▸ **COLLECTED MATERIAL**
========================================
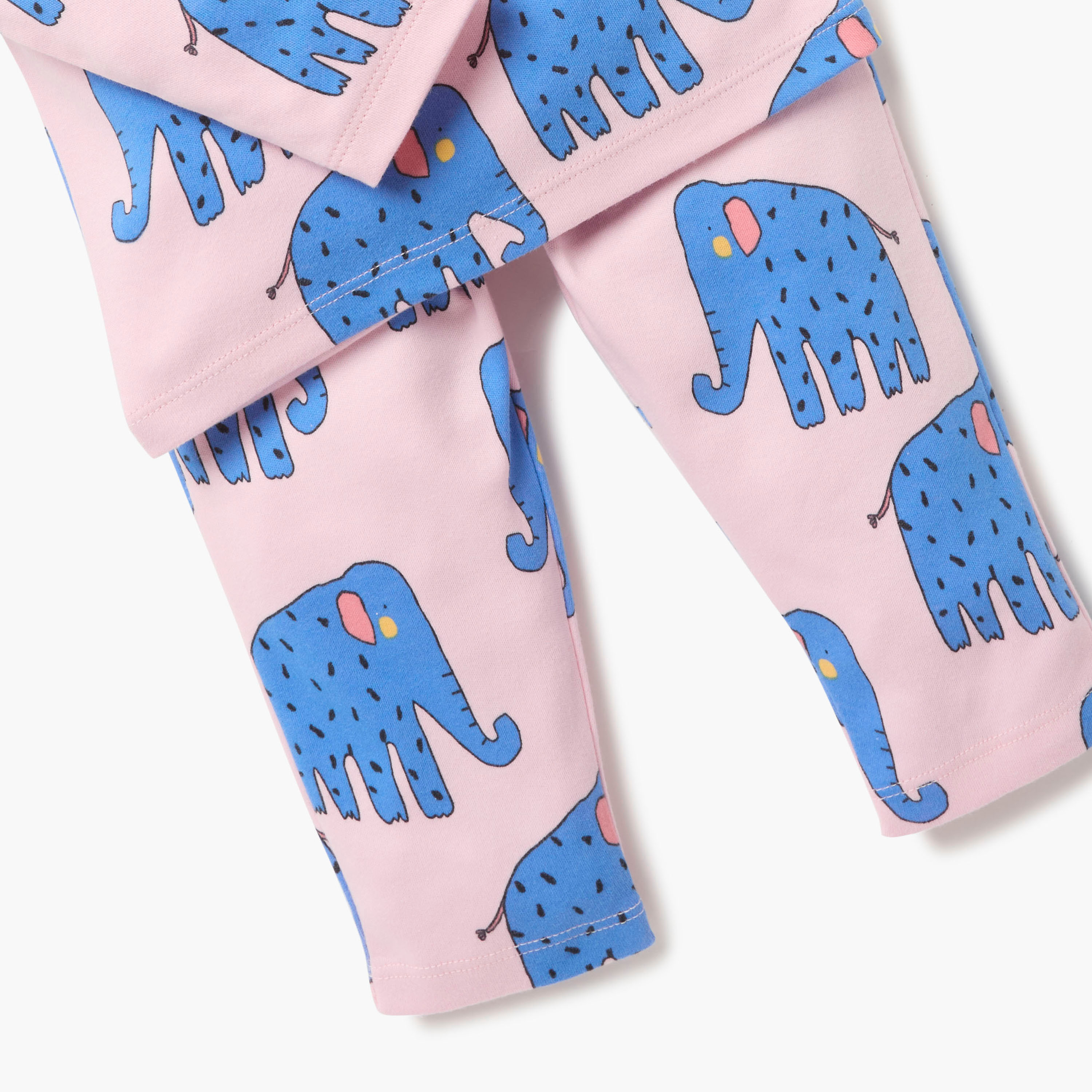 Juniors Elephant Print T-shirt and Pyjama Set-baby-girls-clothing-nightwear-pyjamasets-image-5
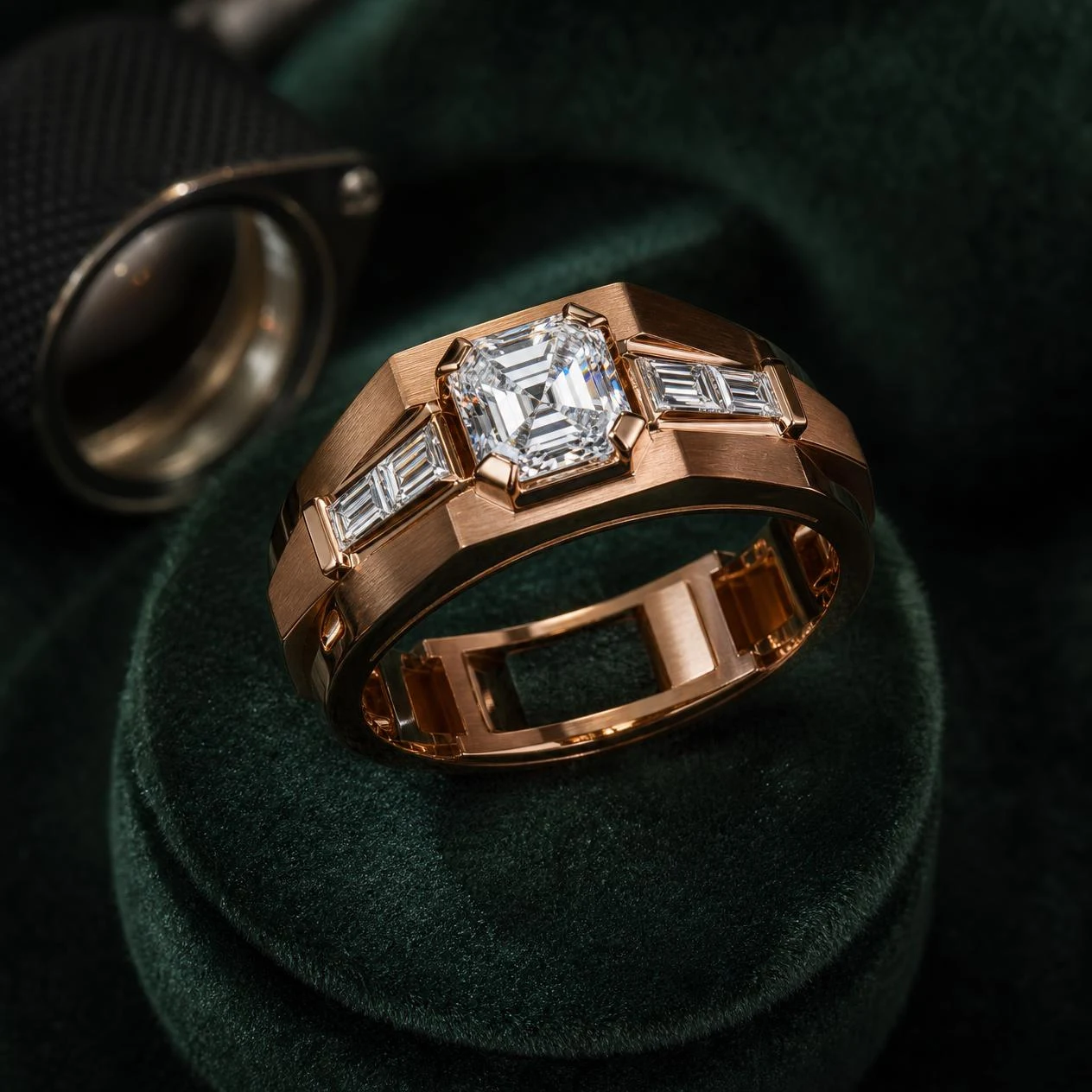 Esploratore Tenace, 2.62 ct tw asscher lab grown diamond men’s ring in rose gold (front view)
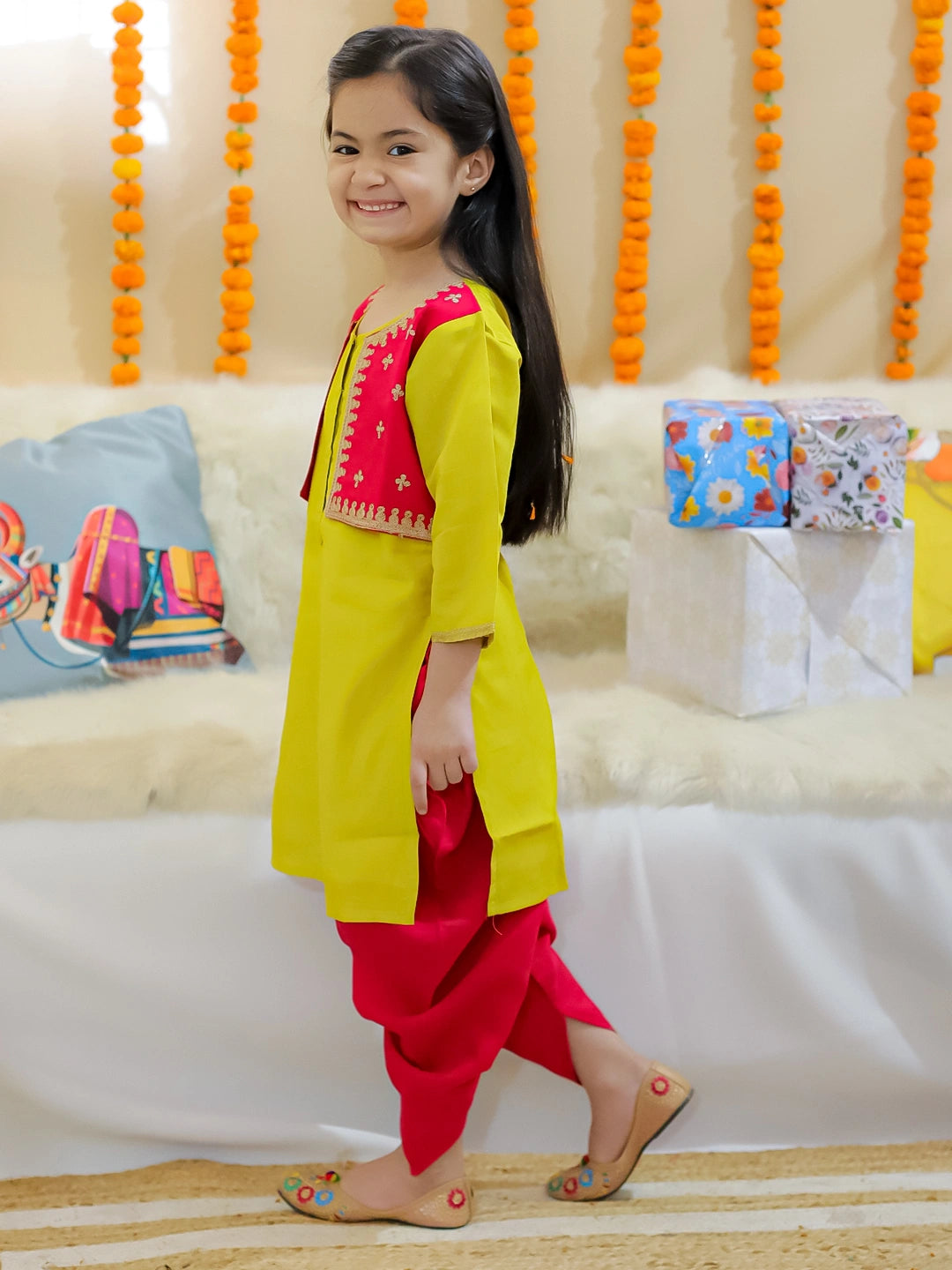 BownBee Girls Embroidered Attached Jacket Kurti with Dhoti
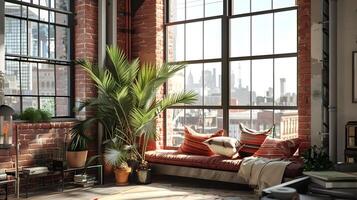 Cozy and Inviting Loft Apartment with City Skyline View and Stylish Furnishings photo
========================================
▸ **TASK STATEMENT**
From the line containing "Esploratore Tenace, 2.62" through the last line of the material above, write out each line exactly, leaving aside all pictures.

▸ **ANSWER SECTION**
 Esploratore Tenace, 2.62 ct tw asscher lab grown diamond men’s ring in rose gold (front view)
 BownBee Girls Embroidered Attached Jacket Kurti with Dhoti
 Cozy and Inviting Loft Apartment with City Skyline View and Stylish Furnishings photo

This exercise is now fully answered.